▶ **Work instruction**: Could you restate word for word only the lines below from the one holding "eicker.crypto chain.estate" to the one holding "Occhiali da Sole", inclusive, and leave out the pictures?

▶ **Task inputs**:
○ ○ ○ ○

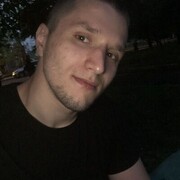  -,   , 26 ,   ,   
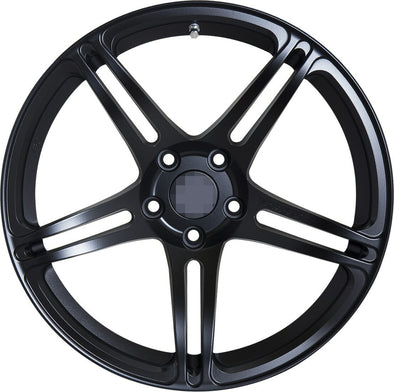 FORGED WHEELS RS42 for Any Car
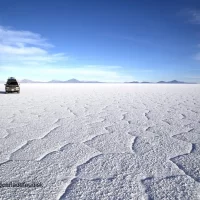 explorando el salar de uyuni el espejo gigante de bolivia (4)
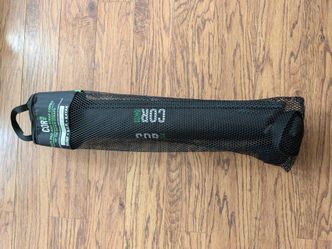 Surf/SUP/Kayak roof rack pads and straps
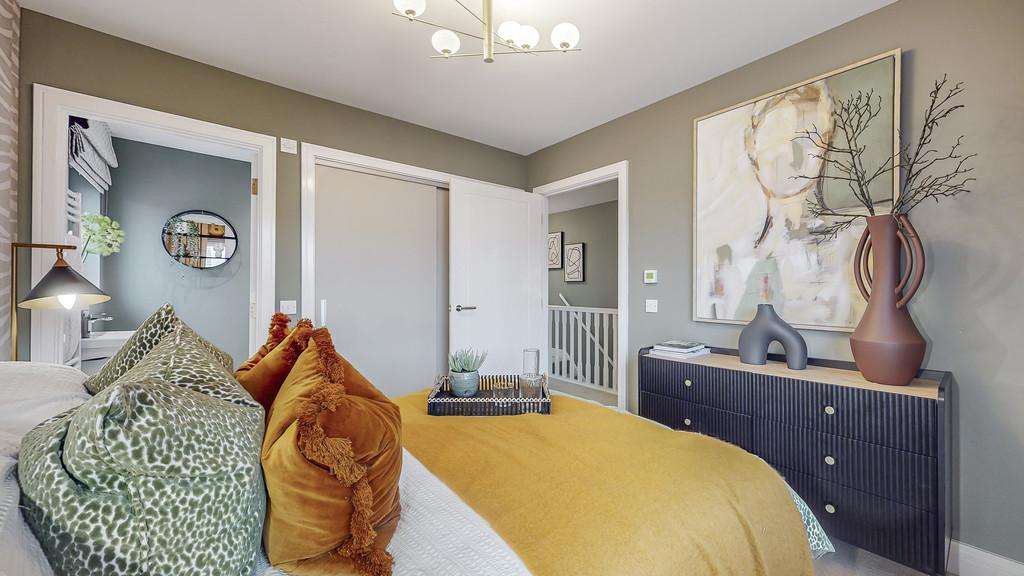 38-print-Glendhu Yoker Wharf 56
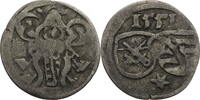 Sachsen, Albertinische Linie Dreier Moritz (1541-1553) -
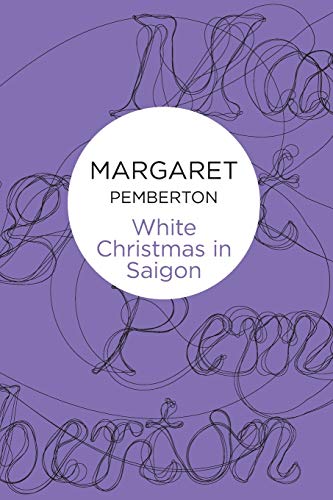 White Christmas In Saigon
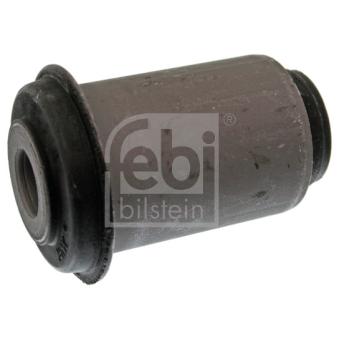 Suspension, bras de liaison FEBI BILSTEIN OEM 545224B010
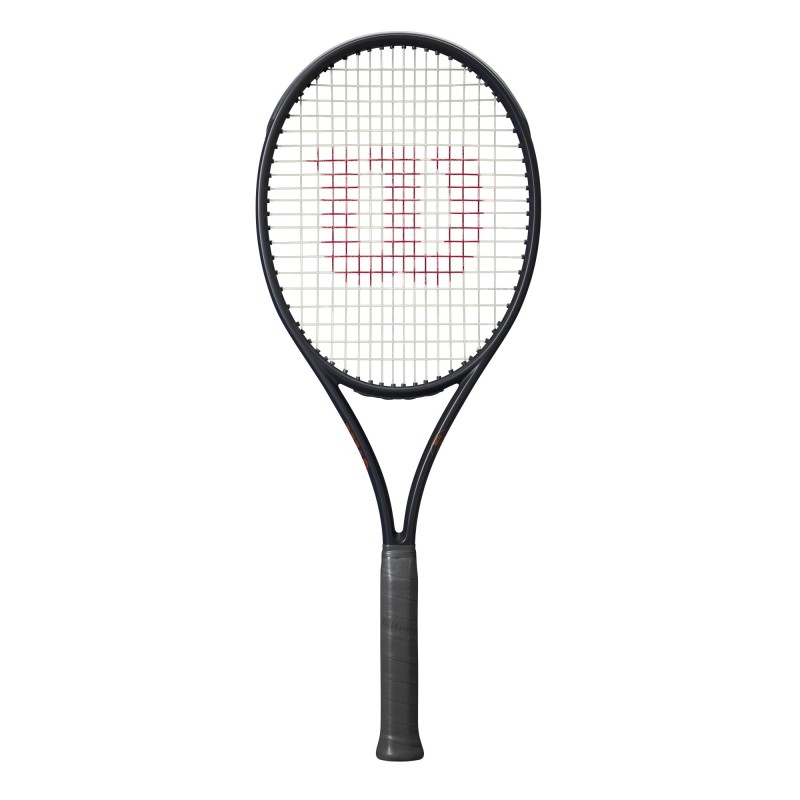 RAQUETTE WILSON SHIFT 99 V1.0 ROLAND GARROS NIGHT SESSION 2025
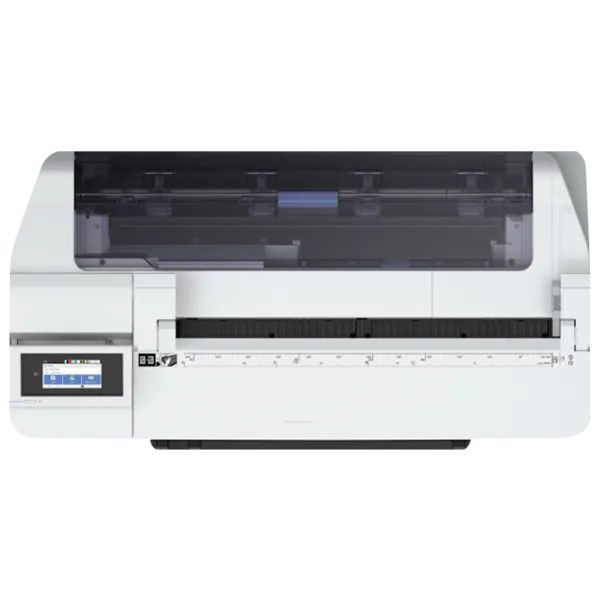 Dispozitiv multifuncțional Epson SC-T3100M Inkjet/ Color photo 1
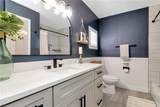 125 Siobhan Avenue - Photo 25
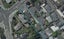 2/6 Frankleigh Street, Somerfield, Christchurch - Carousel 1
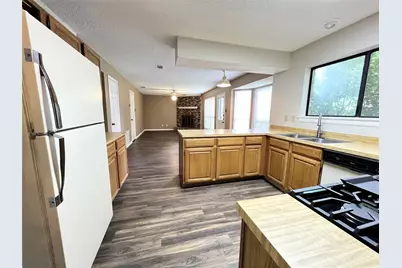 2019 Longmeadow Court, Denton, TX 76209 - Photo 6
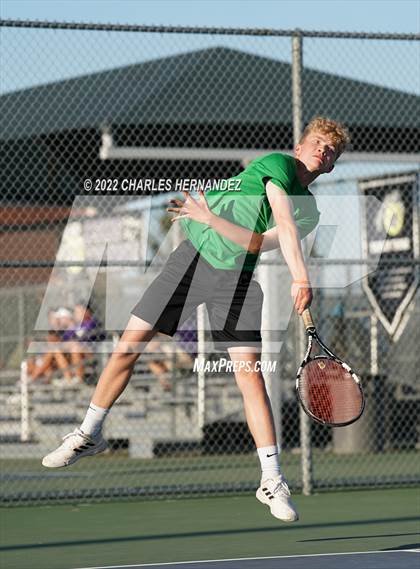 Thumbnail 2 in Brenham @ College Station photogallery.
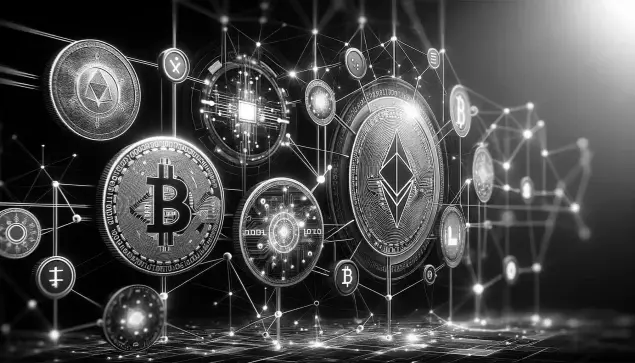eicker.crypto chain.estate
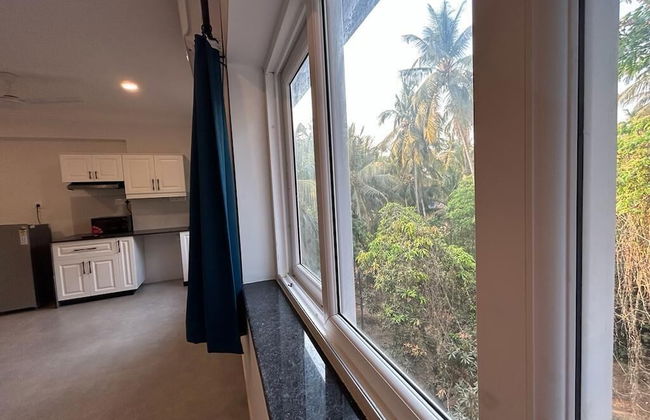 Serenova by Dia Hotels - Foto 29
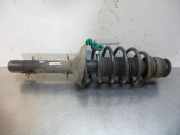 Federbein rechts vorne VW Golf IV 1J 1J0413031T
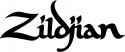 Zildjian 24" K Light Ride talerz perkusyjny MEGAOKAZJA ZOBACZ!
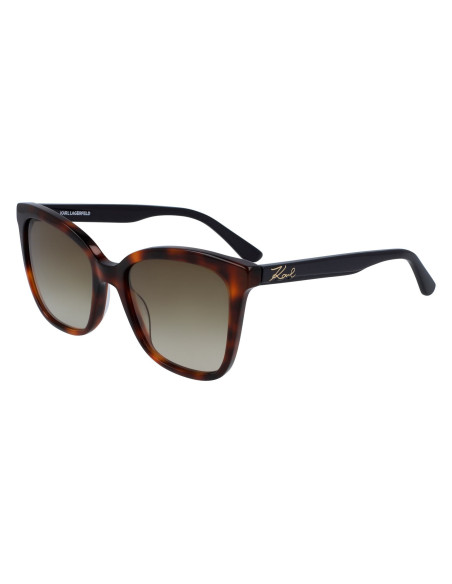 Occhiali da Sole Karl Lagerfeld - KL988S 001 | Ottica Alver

○ ○ ○ ○

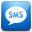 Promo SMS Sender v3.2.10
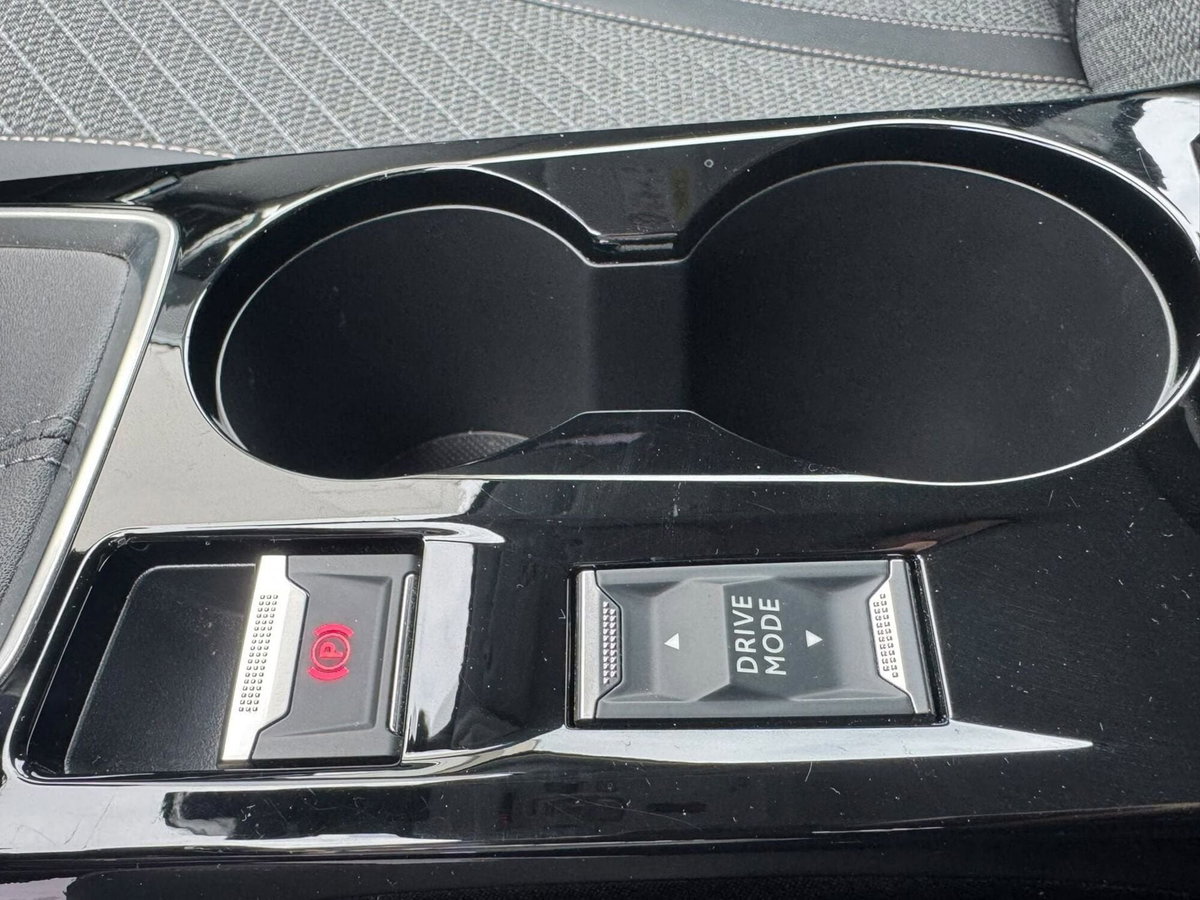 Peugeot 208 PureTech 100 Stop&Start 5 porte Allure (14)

○ ○ ○ ○

▶ **Result of the task**:
eicker.crypto chain.estate
 Serenova by Dia Hotels - Foto 29
 Federbein rechts vorne VW Golf IV 1J 1J0413031T
 Zildjian 24" K Light Ride talerz perkusyjny MEGAOKAZJA ZOBACZ!
 Occhiali da Sole Karl Lagerfeld - KL988S 001 | Ottica Alver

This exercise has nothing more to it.